Segment Start: Source data
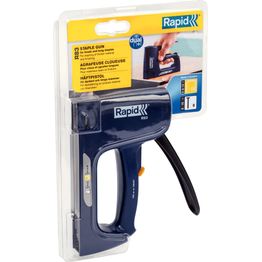 Sinkiläpistooli Rapid R83E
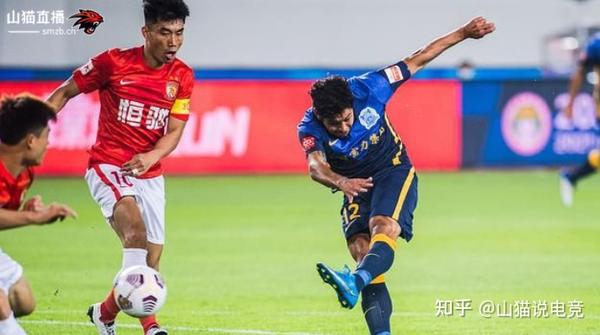 中超联赛直播:广州城 vs 广州队,看好广州队本轮乘胜追击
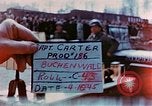 Image des civils allemands afficher Buchenwald atrocités Allemagne, 1945, de la seconde 51 séquences d'archives historiques vidéo 65675055290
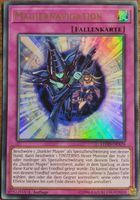 YuGiOh Magiernavigation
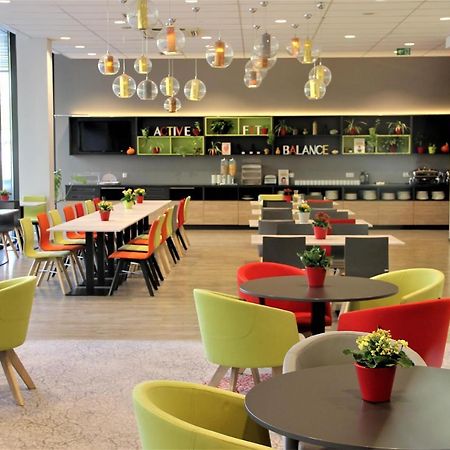 Active Hotel Breslavia Esterno foto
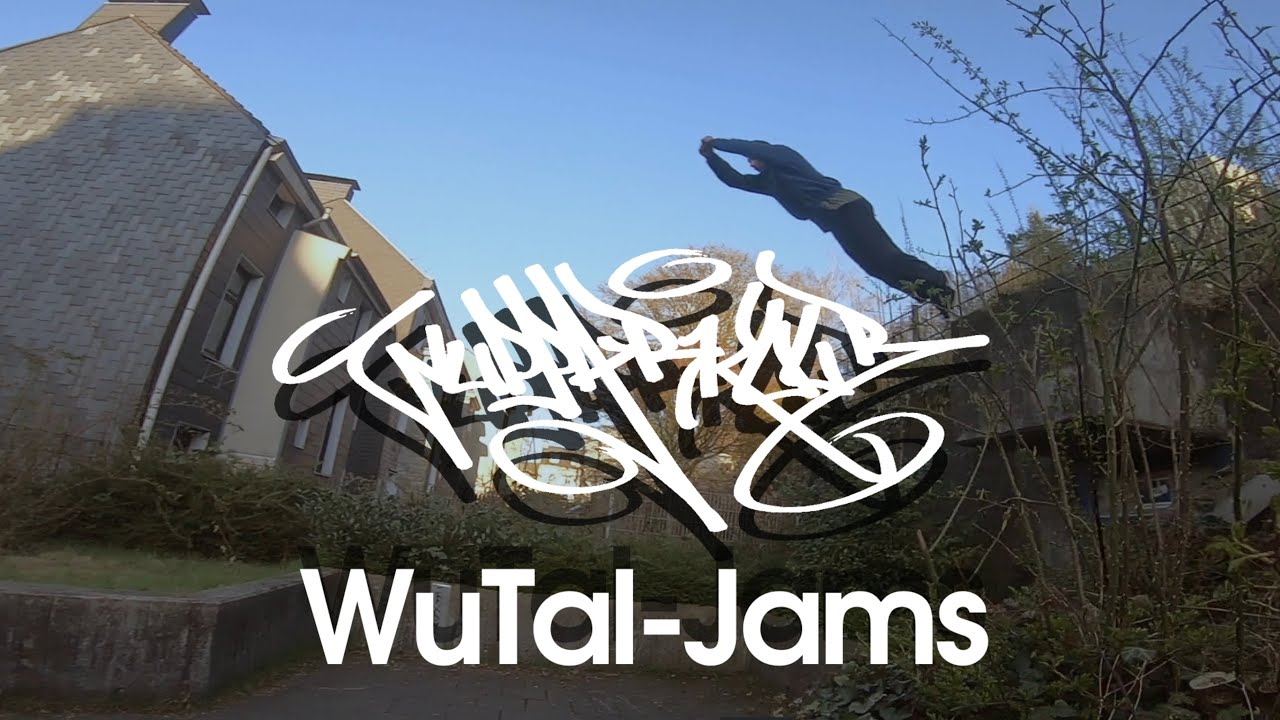 WuTal-Jams Vol.II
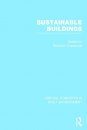 Sustainable Buildings (4-Volume Set)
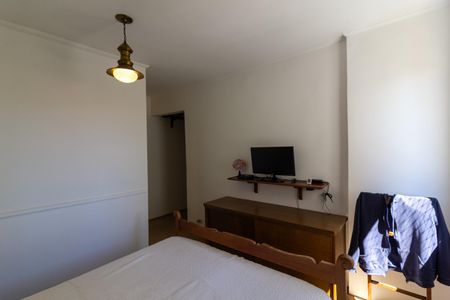 Apartamento à venda com 112m², 3 quartos e 1 vagaQuarto 3 - Suíte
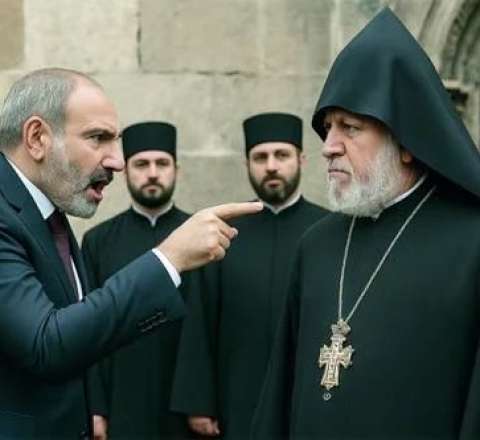 II Qareginə qurşaqdan aşağı zərbə – Şura ləğv edilir?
Segment End: Source data
## Task statement
Without including any images, output the data exactly as given.

## Result of the exercise
 Sinkiläpistooli Rapid R83E
 中超联赛直播:广州城 vs 广州队,看好广州队本轮乘胜追击
 Image des civils allemands afficher Buchenwald atrocités Allemagne, 1945, de la seconde 51 séquences d'archives historiques vidéo 65675055290
 YuGiOh Magiernavigation
 Active Hotel Breslavia Esterno foto
 WuTal-Jams Vol.II
 Sustainable Buildings (4-Volume Set)
 Apartamento à venda com 112m², 3 quartos e 1 vagaQuarto 3 - Suíte
 II Qareginə qurşaqdan aşağı zərbə – Şura ləğv edilir?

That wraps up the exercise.